_Work task:_ Beginning with the line that contains "All you need", write out each remaining line of the records below exactly. Do not copy any picture.

Records contained in a dataset:
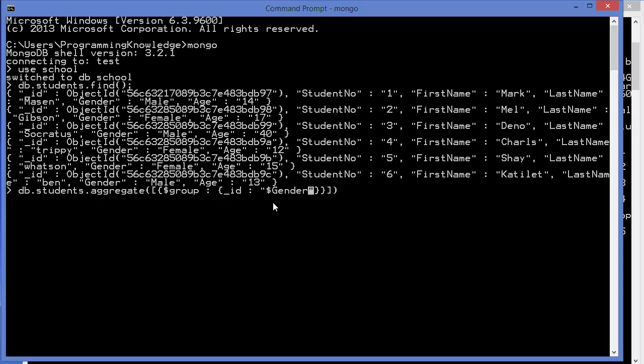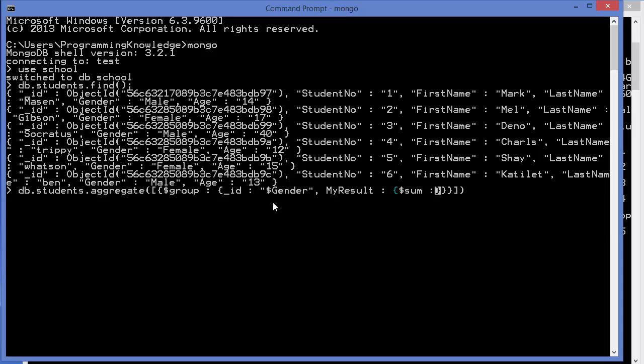Once we have given that, we need to specify the format of results. After comma, the next argument will be the result. The first keyword you can define yourself, for example myResult or something like this, whatever word you want to see in the answer. Then colon, then curly brackets, and inside we specify what operation we want to perform. We can perform sum, minimum, maximum, average, and other operations. We are going to perform sum for now, so write dollar sum, then colon, then give true or one.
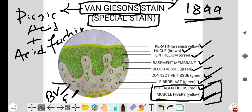So this is the special stain. Thank you so much, please do like, share, and subscribe to my channel, Lila Education Hub.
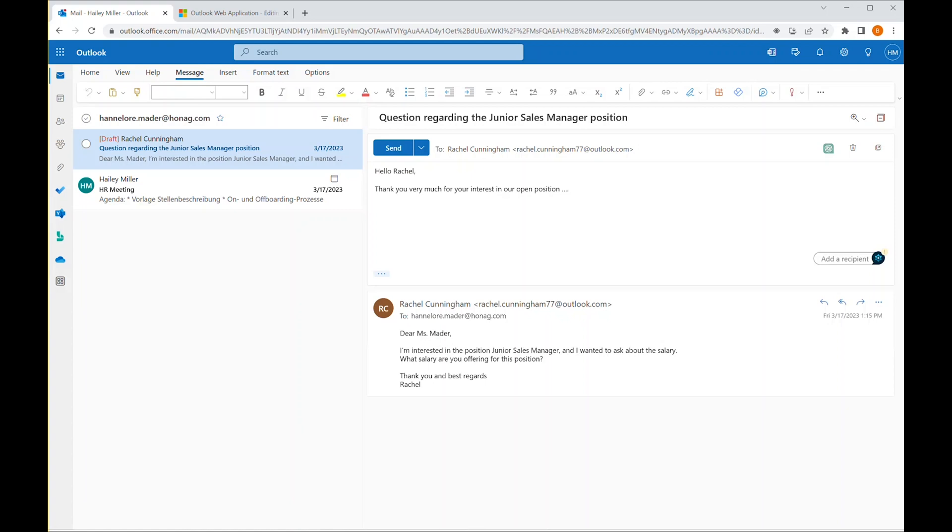However, there is a more efficient way to carry out this action. Let's go back to the email.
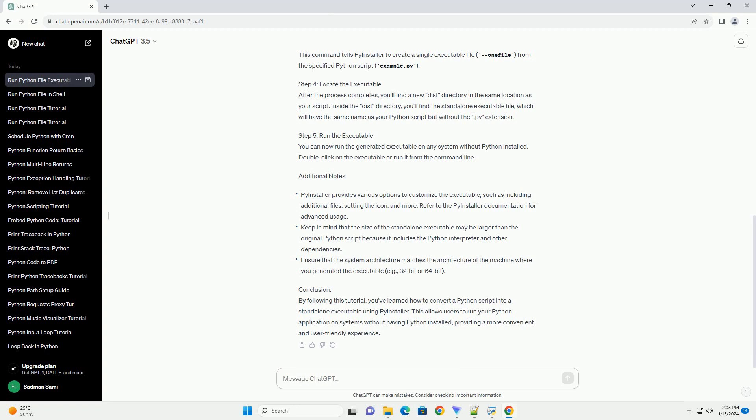This command tells PyInstaller to create a single executable file from the specified Python script example.py.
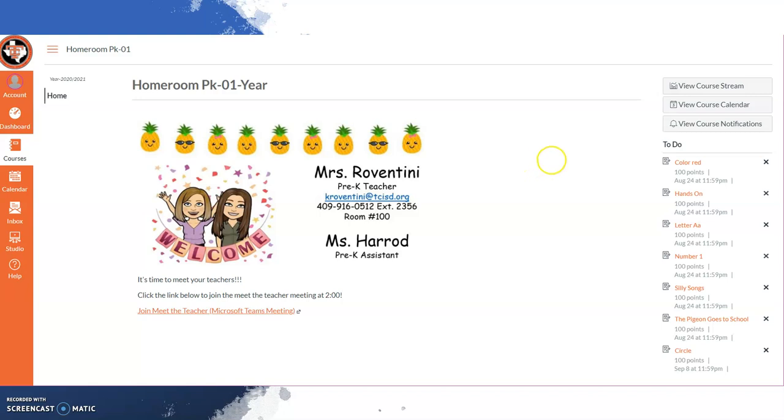All you need to do is click the link and you will be directed to the meeting. Again, Meet the Teacher is today, Friday, August 24th from 2-3.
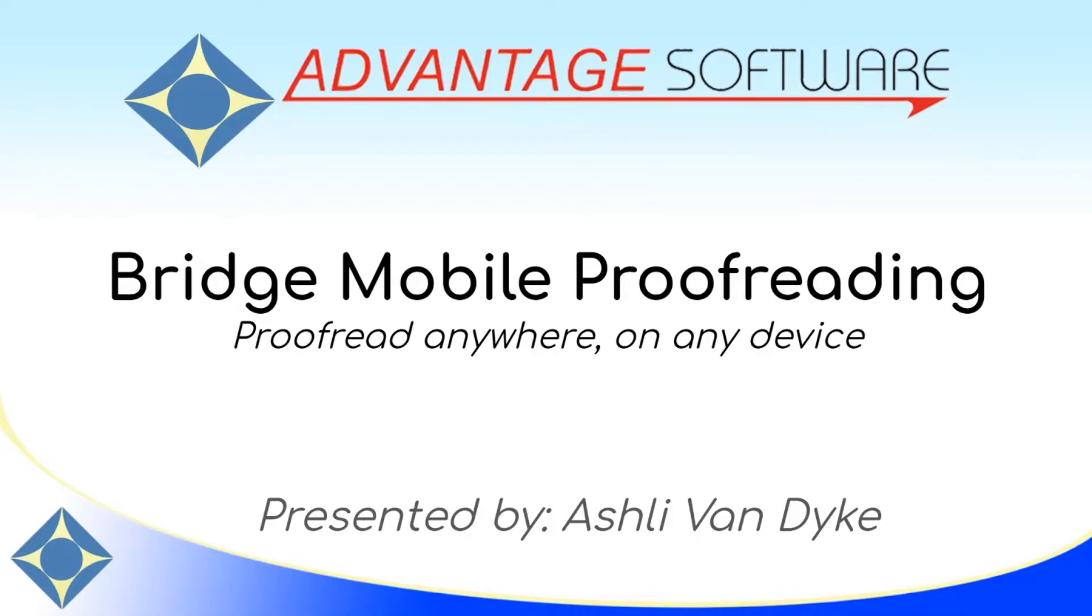Hello and thank you for watching. I'm Ashley Van Dyke with Advantage Software, and on today's video, Bridge Mobile Proofreading, I'm going to show you how easy it is to proofread on any device anywhere with Bridge Mobile.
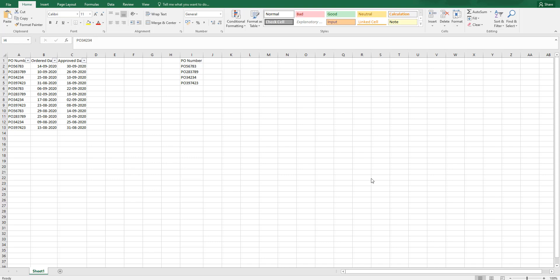Hi guys, welcome back to my channel MITutorial. In this particular video, I am going to teach you how to find out a minimum or a maximum number or a date based on a criteria.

_Answer section:_
All you need to do is click the link and you will be directed to the meeting. Again, Meet the Teacher is today, Friday, August 24th from 2-3.
Hello and thank you for watching. I'm Ashley Van Dyke with Advantage Software, and on today's video, Bridge Mobile Proofreading, I'm going to show you how easy it is to proofread on any device anywhere with Bridge Mobile.
Hi guys, welcome back to my channel MITutorial. In this particular video, I am going to teach you how to find out a minimum or a maximum number or a date based on a criteria.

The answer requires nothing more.